Stephen Vestal and Elizabeth Walton Frazier, 1 of 2 parts

Stephen Vestal Frazier
18 Feb 1839, Salem, Henry County, Iowa.
p. Thomas Frazier, Ruth McCraken
m. 1 Mar 1860,
wife: Elizabeth Walton
d. 12 Aug 1923, Evanston Wyoming
b. Woodruff Cemetery, Woodruff, Utah

Elizabeth Walton
14 Jun 1840, Mexico City, Strafford County, Maine
p. Samuel Walton, Susan Walton (cousins)
d. 6 Aug 1918, Evanston Wyoming
b. Woodruff Cemetery, Woodruff, Utah

Stephen Vestal was born in Salem, Henry County, Iowa in 1839. His father, Thomas Frazier, was a devout Quaker. Stephen said his father spent too much time working for the Church and neglecting his family. That drove Stephen to leave home when he was young. He learned to care for himself and became a proficient mason, laying brick and rock, and he was a lather.
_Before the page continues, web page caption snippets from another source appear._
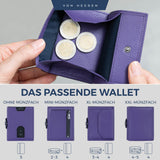 Airtag Slim Wallet mit RFID-Schutz, 5 Kartenfächer und XXL-Münzfach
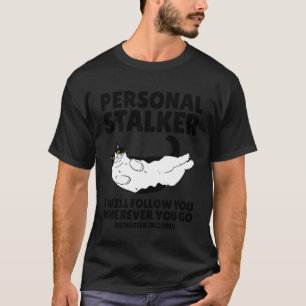 T-shirt Traqueur Personnel Tuxedo Drôle Vache Chat Manche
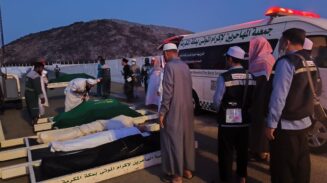 Seorang jamaah haji Aceh kloter 03, Burhanuddin (67) wafat di Arab Saudi, Sabtu, 31 Mei 2025, pukul 22.35 waktu Arab Saudi. (Foto: For Infoaceh.net)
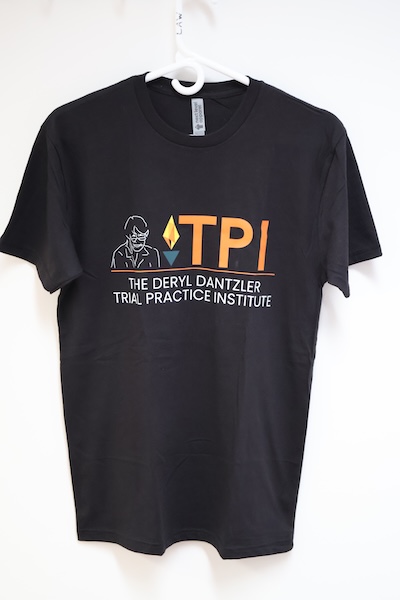 Black TPI Tee (“Take That Shit to Trial”)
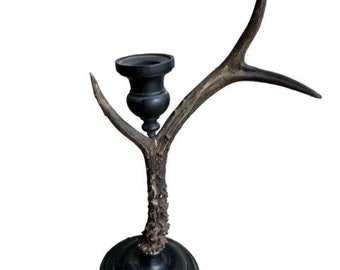 Roe Deer Antler Candlestick   Single #10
He and Elizabeth Walton were married March 1, 1860. Some records say Lawrence, Kansas, another Salem, Henry County, Iowa. Eight of their fourteen children were born in Kansas and Nebraska.

Elizabeth Walton was born in Mexico City, Oxford County, Maine. Her Father and Mother and two of her mother’s sisters; Martha and Ruth, accepted Mormonism in Maine in 1840. They were part of a caravan of 14 families; totaling 60 persons in all who left Mexico, Maine in July, 1845. At some point Samuel Walton left his wife Susan and their children with his brother-in-law, Arthur, while he went on ahead to Chicago, Illinois to see if he could find work. About a year later, when Susan went to that place to find him, Samuel could not be found. One of her children later said, “we never saw father again.” Elizabeth and her family were en route to the West for many years.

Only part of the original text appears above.